ROI Segment Profiling
After placing the ROIs, we can further divide them into different biological compartments based on the morphology markers’ expression. A segment profiling refers to phenotypic or distinct biological architectural compartments revealed by the morphology markers, with the most common compartments being “Tumor” and “Stroma” (tumor marker +) vs. “Stroma” (tumor marker -) (84), but we can also perform cell type-specific profiling for distinct cell populations with cell type-specific biomarkers, such as CD45+, CD3+, or CD68+ (Figure 5).

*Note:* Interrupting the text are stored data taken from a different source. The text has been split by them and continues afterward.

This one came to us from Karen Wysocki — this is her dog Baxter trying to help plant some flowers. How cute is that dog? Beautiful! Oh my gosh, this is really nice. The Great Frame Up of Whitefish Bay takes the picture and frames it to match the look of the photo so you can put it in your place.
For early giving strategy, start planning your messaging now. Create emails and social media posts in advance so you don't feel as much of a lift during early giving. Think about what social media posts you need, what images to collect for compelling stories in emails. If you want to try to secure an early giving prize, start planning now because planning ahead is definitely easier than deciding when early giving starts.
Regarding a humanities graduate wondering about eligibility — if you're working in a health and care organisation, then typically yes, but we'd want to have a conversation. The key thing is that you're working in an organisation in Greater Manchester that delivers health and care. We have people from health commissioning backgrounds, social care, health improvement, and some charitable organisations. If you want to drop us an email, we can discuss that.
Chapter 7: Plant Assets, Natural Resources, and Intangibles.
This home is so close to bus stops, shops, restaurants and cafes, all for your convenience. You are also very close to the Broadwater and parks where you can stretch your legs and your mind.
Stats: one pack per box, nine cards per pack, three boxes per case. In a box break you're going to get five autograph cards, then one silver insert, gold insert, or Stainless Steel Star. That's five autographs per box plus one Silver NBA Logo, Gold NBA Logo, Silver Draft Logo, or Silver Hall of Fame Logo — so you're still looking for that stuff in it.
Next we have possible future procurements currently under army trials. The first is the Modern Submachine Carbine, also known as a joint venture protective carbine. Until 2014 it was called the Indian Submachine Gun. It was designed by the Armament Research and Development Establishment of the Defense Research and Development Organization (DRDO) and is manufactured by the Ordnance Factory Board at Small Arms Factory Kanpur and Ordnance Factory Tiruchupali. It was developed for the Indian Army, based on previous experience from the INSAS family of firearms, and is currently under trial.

Figure 5 Microphotograph of immunofluorescence sections of surgical resected non-small cell carcinoma (A) Squamous cell carcinoma; (B) adenocarcinoma) using DSP assay with PanCK (tumor), CD3 (T-cells), CD20 (B-cells) and Syto13 (nuclei) as visualization markers. (B, D) illustrates different segmentation strategies for tumor, stroma and T cells. In B the segmentation was performed in tumor (cyan mark up) and stroma (yellow mark up) segments based in panCK expression, with this strategy, tumor segments include tumor cells and Intra-epithelial immune cells (white arrows), and stroma segments include all tissue elements among tumor segments (B), In (C), segmentation was performed in tumor-(cyan mark up), B-cell (yellow mark up) and T-cells (red mark up) segments based in cell biomarker profile, intra-tumor T-cells (white arrows) are included in the T-cell compartment (D).

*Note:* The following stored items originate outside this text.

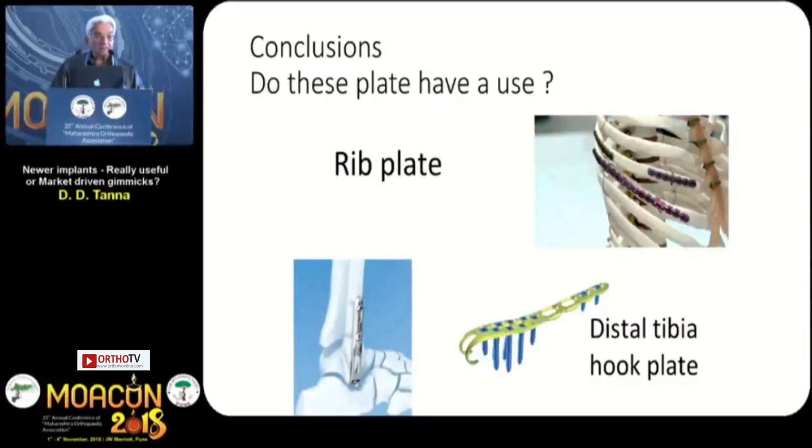Conclusions — does this plate have a use? Rib plate: I have not even seen a rib plate; I don't think it is available in India, but it is being marketed. I don't know whatever the use of that is. This is a hook plate for a distal fibula — probably useful, but most fibulas we treat from posteriorly, and when treated posteriorly this hook plate is not valid; it is only valid on the lateral side. There is also a distal tibia hook plate for the medial malleolus — I don't think many people have seen this, but it is in the market. Probably purely market-driven; I don't think it has much to offer.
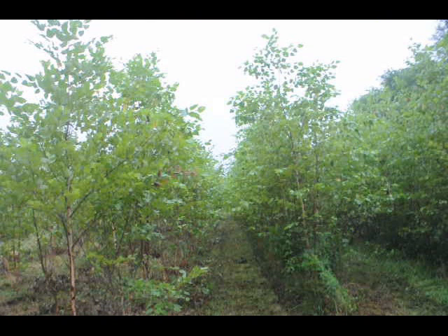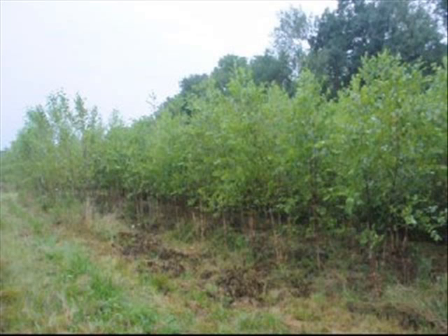This is a block of river birches. We have over 5,000 river birches to move. These river birches are 8 to 12 foot tall. They're $30 each; if we dig them, they're $60. You can get your river birches here at Highland Hill Farm.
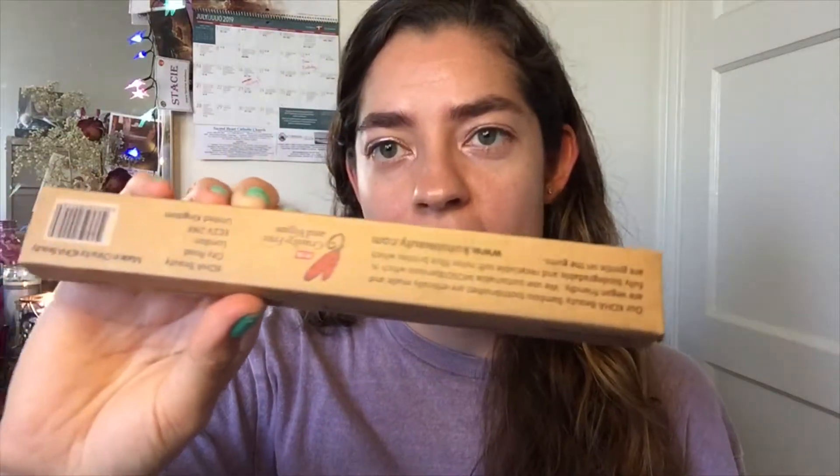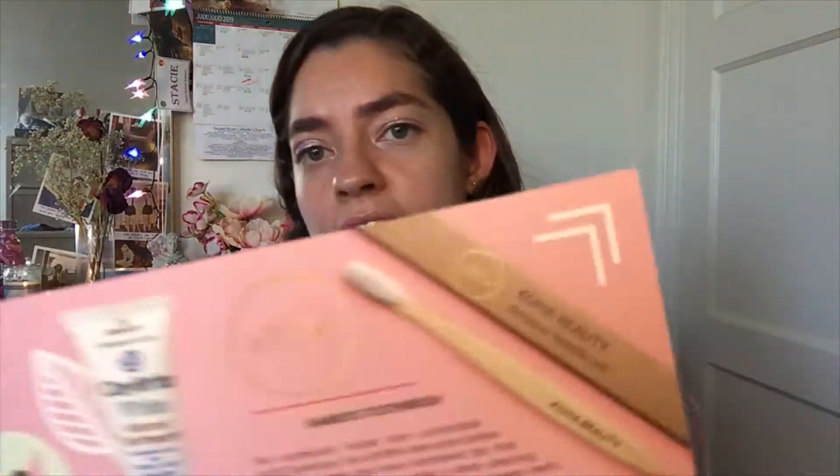One of the items is called the Koha Beauty Bamboo Toothbrush. I've already been using it so it's out of the box. It says the toothbrush is made from sustainable Moso bamboo and has soft BPA-free neon bristles that are flexible, with feather tips that are safe for your gums and offer deep cleaning even in the hardest-to-reach spaces between teeth. I find it's pretty good — it's very soft. I'm really used to firm brushes. It retails for $3.80.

Adjusting the Software Parameters for ROI Segmentation
The image analysis software of the DSP device has options for the adjustment of the parameters to recognize different compartments identified by morphology biomarkers. These parameters may change due to histological variability among samples and among ROIs from the same sample. Harmonization of ROI is highly encouraged, and the definition of specific compartments must be clearly stated before starting any project (e.g., Tumor vs. Immune, Tumor vs. Stroma). The parameters used to modify the ROI segmentation are as follows: “segment definition”, which determines the cellular composition of each AOI (tumor, stroma, and immune); “erosion”, which effectively increases the boundary between segments; “N-dilation”, which enlarges the UV-light mask in an AOI around the detected nuclei; “Hole size”, which fills holes in the AOI that are smaller than the value set; and “particle size”, which eliminates any AOI particles smaller than the value (2 µm) (48) .

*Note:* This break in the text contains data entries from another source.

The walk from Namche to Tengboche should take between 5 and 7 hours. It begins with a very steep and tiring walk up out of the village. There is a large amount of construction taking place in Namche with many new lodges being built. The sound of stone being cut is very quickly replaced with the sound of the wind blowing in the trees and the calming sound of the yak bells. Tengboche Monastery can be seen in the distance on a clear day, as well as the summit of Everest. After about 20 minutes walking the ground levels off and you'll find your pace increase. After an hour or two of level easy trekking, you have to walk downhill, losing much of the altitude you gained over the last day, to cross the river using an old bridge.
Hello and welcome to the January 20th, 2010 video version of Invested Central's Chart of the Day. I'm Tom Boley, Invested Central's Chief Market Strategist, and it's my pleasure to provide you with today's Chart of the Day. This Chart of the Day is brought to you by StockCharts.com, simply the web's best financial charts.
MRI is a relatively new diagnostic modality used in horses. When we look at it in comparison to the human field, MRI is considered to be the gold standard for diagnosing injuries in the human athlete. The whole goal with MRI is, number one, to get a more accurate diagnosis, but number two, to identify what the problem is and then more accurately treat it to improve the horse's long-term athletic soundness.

Setting the Collection Order
Another important parameter is the collection order of the different segments set by the morphology biomarkers, as the order in which they are selected on the software will determine the order in which UV light illuminates each AOI within an ROI. It is recommended to collect AOIs from low to high abundance. Of note, to avoid acellular materials such as elastic fibers that co-express multiple morphology markers (Figure 4), an additional segment in the GeoMx platform that excludes co-expressed parameters from analysis can be included.
Pathology Quality Control After Assay Completion
Once the processes described above are completed, protein or RNA counts will be obtained. To procure high-quality data, quality control of the entire set and ROIs selected is performed in two steps.
a) Assay QC with the initial dataset: After a study group is created, the first step is to evaluate the initial dataset. This can be easily accomplished through an initial heatmap in the GeoMx Data analysis suite. With this tool, the researcher can assess the protein expression of each segment, first comparing the expression of the housekeepers (which should be higher and present in all the AOIs) and then comparing the relationship between the observed and expected compartment-specific expression of proteins (PanCK in tumor areas of carcinomas and CD45 in immune areas). Furthermore, the researcher can easily notice AOIs that lack adequate expression of markers by the presence of a blue vertical line on the heatmap, which translates to low expression of all the markers. Such an expression pattern is commonly seen with evaporation issues during the collection step of the assay (Figure 6).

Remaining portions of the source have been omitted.